I'm reading a paper where the goal is to determine the weights of a weighted arithmetic mean to create a sales forecast for a future event (e.g. a promotion). The weights weigh a vector of historical sales of historical events, in the following equation denoted as the vector y.

$$\hat{y}_k = \frac{w^Ty}{w^T1} \tag{1} $$ where w, y and 1 are all vectors of size $N$.

Now every event can be described by some numerical features of size $m$ (or categorical features transformed to numerical ones). And ofcourse, the event we are trying to forecasts has this vector of features as well.

What they are trying to do is to estimate the weights by looking how similar each historical event is compared to the event we are trying to forecast (by looking at these features). Then a more similar event will have more weight and the volume of that event will thus have more impact on the value of our forecast.

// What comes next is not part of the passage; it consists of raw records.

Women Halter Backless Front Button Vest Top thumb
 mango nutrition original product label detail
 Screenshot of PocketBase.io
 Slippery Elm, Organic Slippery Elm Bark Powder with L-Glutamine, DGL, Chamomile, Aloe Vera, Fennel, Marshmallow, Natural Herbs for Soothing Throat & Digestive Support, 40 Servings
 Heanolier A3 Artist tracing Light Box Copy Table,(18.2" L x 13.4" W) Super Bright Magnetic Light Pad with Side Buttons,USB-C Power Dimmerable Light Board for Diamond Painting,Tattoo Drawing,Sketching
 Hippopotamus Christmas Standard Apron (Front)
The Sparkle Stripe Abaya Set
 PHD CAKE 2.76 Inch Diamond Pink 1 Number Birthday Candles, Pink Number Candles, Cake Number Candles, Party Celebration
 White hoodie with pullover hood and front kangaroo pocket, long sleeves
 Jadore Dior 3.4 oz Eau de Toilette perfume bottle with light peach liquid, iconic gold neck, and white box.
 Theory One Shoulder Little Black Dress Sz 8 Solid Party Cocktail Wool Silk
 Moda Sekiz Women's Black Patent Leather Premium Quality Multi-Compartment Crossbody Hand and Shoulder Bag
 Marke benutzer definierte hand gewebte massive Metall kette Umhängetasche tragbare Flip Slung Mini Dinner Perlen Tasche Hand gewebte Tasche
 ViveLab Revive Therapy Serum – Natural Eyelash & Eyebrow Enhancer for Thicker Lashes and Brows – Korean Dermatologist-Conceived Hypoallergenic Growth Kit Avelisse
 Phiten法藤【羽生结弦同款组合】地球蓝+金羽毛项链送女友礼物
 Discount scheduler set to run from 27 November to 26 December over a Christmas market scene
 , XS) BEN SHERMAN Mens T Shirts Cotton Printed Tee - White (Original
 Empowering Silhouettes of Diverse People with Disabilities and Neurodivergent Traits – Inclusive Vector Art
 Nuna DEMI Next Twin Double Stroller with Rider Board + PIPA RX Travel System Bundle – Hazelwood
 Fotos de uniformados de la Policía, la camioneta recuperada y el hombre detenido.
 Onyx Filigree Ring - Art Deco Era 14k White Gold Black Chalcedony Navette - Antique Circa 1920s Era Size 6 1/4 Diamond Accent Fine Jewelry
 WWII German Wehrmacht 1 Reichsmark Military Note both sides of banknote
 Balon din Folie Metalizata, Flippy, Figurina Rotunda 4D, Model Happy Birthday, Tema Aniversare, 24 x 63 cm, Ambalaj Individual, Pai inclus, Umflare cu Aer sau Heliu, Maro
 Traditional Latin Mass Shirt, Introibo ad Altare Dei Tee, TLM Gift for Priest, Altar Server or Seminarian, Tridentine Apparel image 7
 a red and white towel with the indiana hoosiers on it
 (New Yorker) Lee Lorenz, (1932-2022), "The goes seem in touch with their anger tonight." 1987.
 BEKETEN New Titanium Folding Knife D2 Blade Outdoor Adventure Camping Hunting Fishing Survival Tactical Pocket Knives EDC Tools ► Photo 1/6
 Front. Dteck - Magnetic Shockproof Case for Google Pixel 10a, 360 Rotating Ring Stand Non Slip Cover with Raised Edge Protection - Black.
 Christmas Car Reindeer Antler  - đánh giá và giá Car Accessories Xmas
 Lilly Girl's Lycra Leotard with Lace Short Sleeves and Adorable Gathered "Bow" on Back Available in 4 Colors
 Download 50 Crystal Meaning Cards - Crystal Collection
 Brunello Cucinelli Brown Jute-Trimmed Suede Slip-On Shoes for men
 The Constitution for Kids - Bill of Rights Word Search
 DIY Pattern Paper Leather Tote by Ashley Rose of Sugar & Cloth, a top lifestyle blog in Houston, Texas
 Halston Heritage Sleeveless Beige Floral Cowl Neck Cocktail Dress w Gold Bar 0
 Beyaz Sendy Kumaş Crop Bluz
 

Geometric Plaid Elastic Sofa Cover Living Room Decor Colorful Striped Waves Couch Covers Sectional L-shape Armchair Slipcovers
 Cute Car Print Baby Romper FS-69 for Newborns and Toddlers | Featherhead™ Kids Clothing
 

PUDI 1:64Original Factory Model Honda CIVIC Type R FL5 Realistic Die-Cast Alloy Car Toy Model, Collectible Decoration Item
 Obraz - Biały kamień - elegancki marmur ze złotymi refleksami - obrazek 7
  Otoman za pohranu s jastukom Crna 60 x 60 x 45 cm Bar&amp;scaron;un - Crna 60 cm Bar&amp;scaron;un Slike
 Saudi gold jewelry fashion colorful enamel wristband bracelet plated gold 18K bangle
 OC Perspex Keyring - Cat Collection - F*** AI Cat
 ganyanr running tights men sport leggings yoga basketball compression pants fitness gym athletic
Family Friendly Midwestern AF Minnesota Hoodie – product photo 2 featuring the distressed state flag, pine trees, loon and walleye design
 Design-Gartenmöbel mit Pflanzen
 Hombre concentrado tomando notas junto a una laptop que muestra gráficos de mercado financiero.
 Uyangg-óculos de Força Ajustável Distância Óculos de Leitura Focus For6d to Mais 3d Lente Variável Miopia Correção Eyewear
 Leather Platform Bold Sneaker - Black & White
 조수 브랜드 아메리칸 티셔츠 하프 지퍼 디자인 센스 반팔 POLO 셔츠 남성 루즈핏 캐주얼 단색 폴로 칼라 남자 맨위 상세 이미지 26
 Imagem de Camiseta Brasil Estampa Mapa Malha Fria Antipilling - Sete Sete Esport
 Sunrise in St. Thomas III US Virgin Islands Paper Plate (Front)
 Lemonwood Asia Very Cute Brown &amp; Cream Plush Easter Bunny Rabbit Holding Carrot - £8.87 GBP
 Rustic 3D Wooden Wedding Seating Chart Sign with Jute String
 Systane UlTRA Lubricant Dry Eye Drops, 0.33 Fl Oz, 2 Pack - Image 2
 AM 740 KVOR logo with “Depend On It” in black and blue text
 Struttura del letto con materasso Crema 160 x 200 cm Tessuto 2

To measure the similarity, they use the Euclidean distance on the vector of features that describes each event. In the paper, they normalize each feature! This will give us an Euclidean distance matrix A of size $N \times m$: $$A^{(e)} = (X - 1x^e)\space\odot\space(X-1x^e) $$ With the superscript (e) to indicate that the result has been calculated wrt the $e^{th}$ event, matrix X which contains the numerical features for every historical event and $x^e$ the vector of features is of the event we are trying to forecast. But every numerical feature has its relative importance, so we also want to find a vector v that scales the matrix A so that you eventually get a vector of size $N$. This final vector can we call the scaled Euclidean distance of every historical event compared to the event of which its volume we are trying to forecast.

So the more similar -the lower the scaled Euclidean distance distance is for an event compared to the event we are trying to forecast- the more weight we want to give it. So the weights are inversely proportional to the scaled Euclidean distance which is obvious.

And here comes the question:

In the paper they take the inverse square root of the Euclidean distance matrix to define the relationship between the weights and the similarity:

$$\text{weight}_j = \frac{1}{\sqrt{a^iv}}\tag{2}$$ where $a^i$ is the $i$th row of the matrix A and $j$ represents each of the historical events.

But why do they use the square root? Why not just:

$$\mathrm{weight}_j= \frac{1}{a^iv}$$ or $$\mathrm{weight}_j= \frac{1}{(a^iv)^2}$$

Why do we use the inversed square root and not just the inverse or the inversed square to define the proportionality ?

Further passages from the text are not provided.